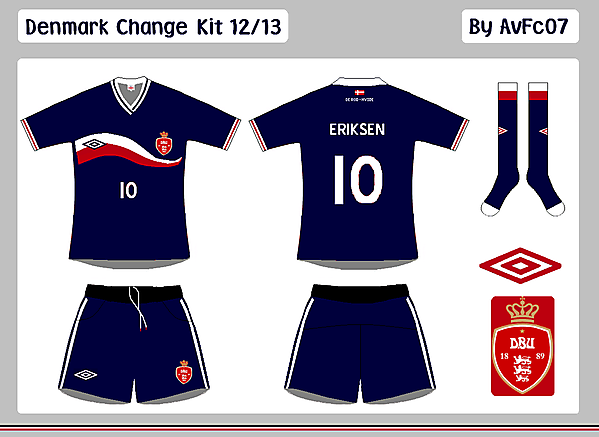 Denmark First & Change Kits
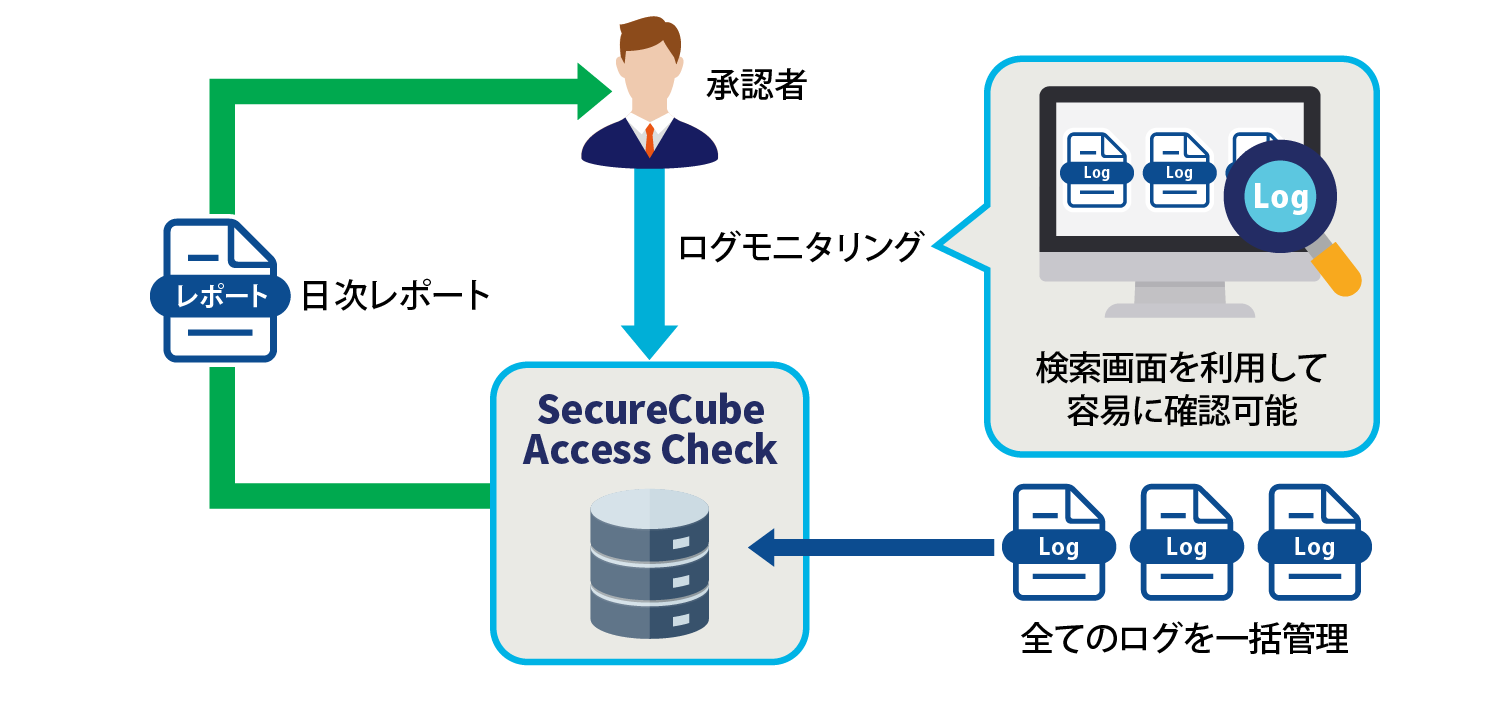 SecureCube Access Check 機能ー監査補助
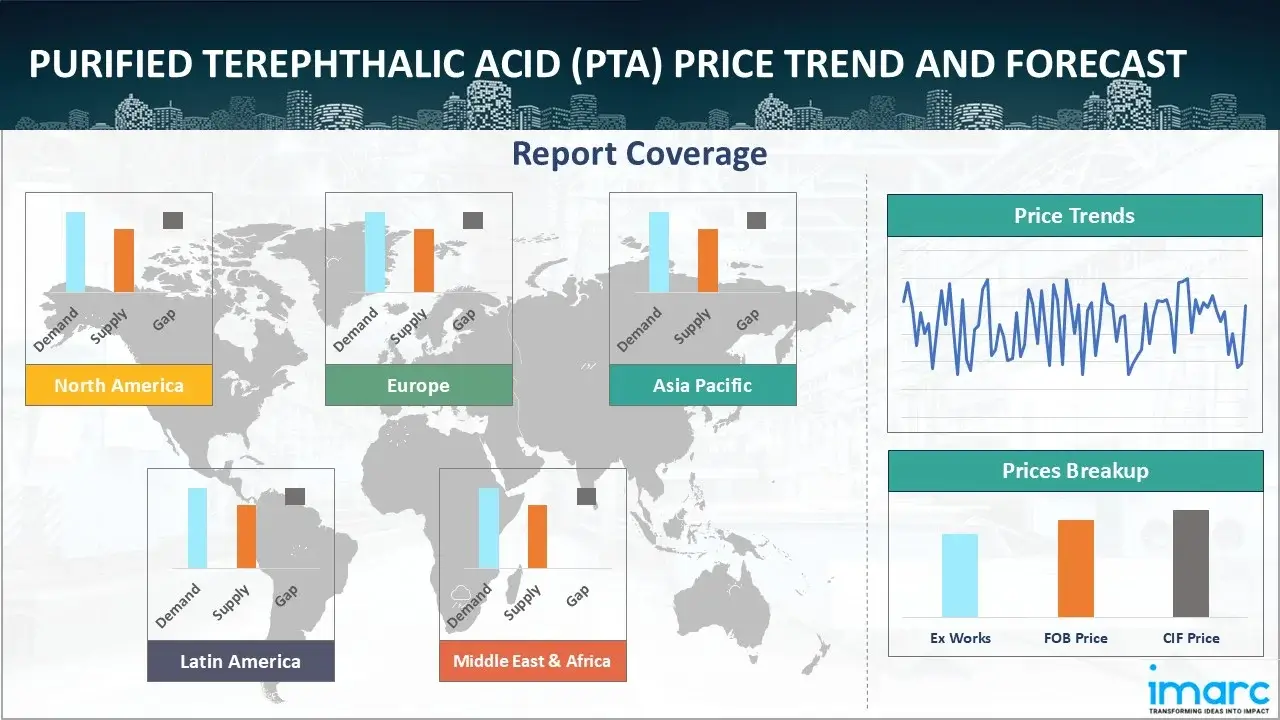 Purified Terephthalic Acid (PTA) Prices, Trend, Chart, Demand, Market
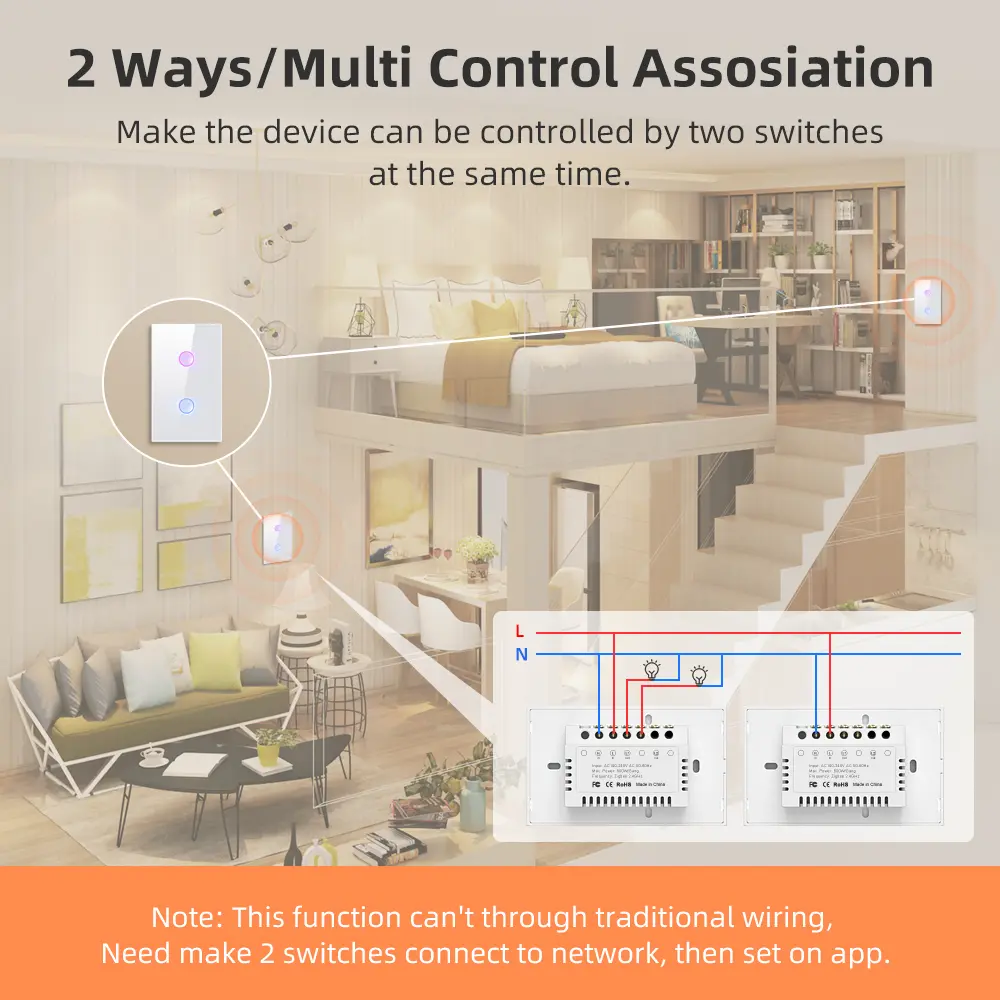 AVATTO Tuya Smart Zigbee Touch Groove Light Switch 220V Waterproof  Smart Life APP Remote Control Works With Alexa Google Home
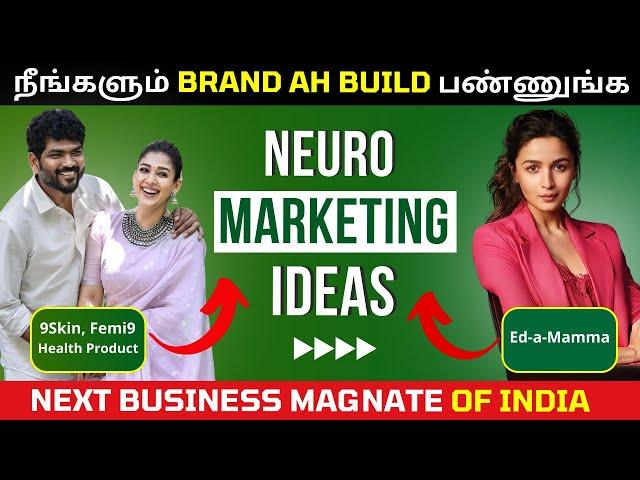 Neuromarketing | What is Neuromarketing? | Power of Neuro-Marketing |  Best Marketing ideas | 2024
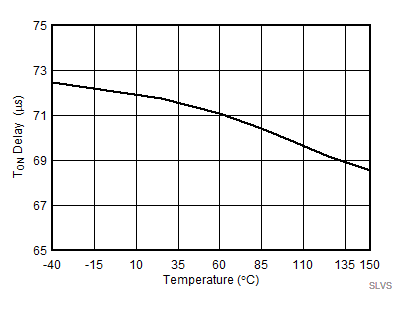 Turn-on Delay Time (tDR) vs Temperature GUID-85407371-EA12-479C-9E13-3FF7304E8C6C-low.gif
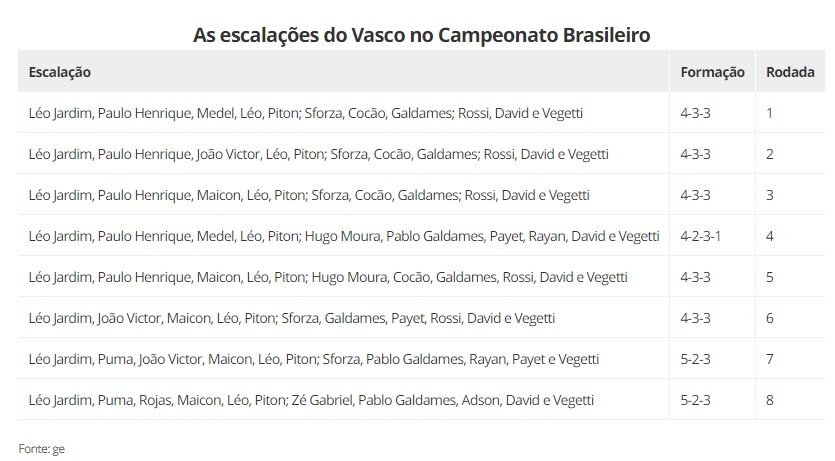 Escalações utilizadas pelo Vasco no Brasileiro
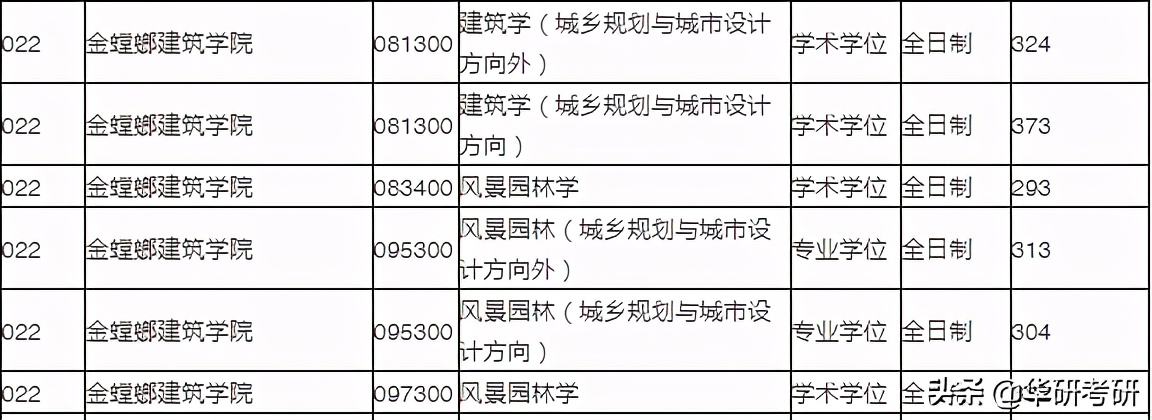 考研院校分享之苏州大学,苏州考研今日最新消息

TASK OBJECTIVE = With the images left out, set down every entry exactly.

COMPLETED TASK =
 Denmark First & Change Kits
 SecureCube Access Check 機能ー監査補助
 Purified Terephthalic Acid (PTA) Prices, Trend, Chart, Demand, Market
 AVATTO Tuya Smart Zigbee Touch Groove Light Switch 220V Waterproof  Smart Life APP Remote Control Works With Alexa Google Home
 Neuromarketing | What is Neuromarketing? | Power of Neuro-Marketing |  Best Marketing ideas | 2024
 Turn-on Delay Time (tDR) vs Temperature GUID-85407371-EA12-479C-9E13-3FF7304E8C6C-low.gif
 Escalações utilizadas pelo Vasco no Brasileiro
 考研院校分享之苏州大学,苏州考研今日最新消息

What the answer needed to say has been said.